Two posts in one day. It’s two different subjects so I thought I should separate them. A while back I posted about HPC and Value (http://coreliuminc.com/2010/11/hpc-and-value/). There’s a link partway down where NCSA Director Thom Dunning talks about GPU being the future of supercomputing (http://insidehpc.com/2010/11/02/ncsa-director-gpu-is-the-future-of-supercomputing/). In the last few days I’ve been looking over the toolkit overview of Nvidia’s Cuda 4.0:
Quoting a quote from InsideHPC from Director Dunning: “Programming these machines to do [GPU] calculations is still a very substantial effort. There will be some applications that will be rewritten to use GPUs [but] a lot of times it will be only part of an application that will use it so you won’t get nearly the power and computing advantage of running it all on the GPU,” he said.

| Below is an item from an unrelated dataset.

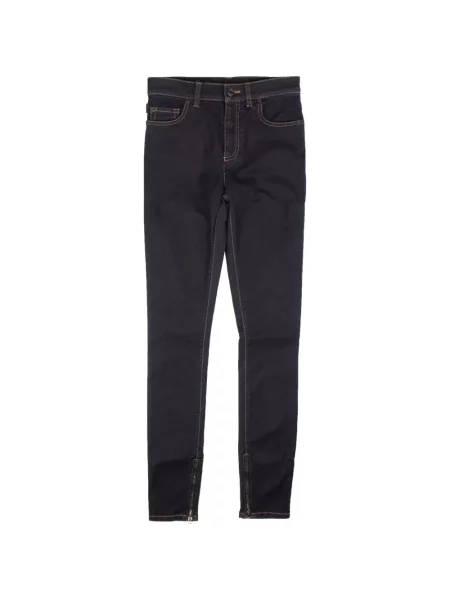 Blugi skinny Tom Ford skinny fit albastru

Read through that toolkit overview and read that quote again. I think NVidia just cracked it wide open. The CUDA SDK just got all the parts it needs to be a mainstream, plug-in component of regular software development. C++ has become the language of application parallelism (that should get the language lawyers foaming at the mouth but notice I said “application parallelism” and not “HPC”). Intel TBB is C++, Microsoft’s Parallel Patterns Library is C++ and now CUDA has pretty much full C/C++ support, with virtual functions (awesome, thank you NVidia devs), no-copy memory pinning and a unified memory address space from CPU to GPU. And single-thread access to any or all the GPUs (which means from anywhere in your code you can fire up GPU calcs across as many GPUs as you have).
I’m going to be on this as soon as I can get my hands on a 4.0 release candidate. Our APIs were designed with GPU in mind because in large-scale simulation there’s often a whole lot of small, simple nonlinear calculations repeated by the hundreds of thousands that are ideal for handing off to a GPU (small equations, hydrocarbon mixture thermodynamics, etc etc). Our API design is based on not having to care where client code is running or what’s behind an interface, and the 4.0 CUDA SDK means that most of our glue code to pin objects and data selectively to the GPU can now be thrown away. There’s some significant redesign needed to capitalise on 4.0′s features (virtual functions and unified address space mostly) but being able to offer a GPU option just got a lot easier.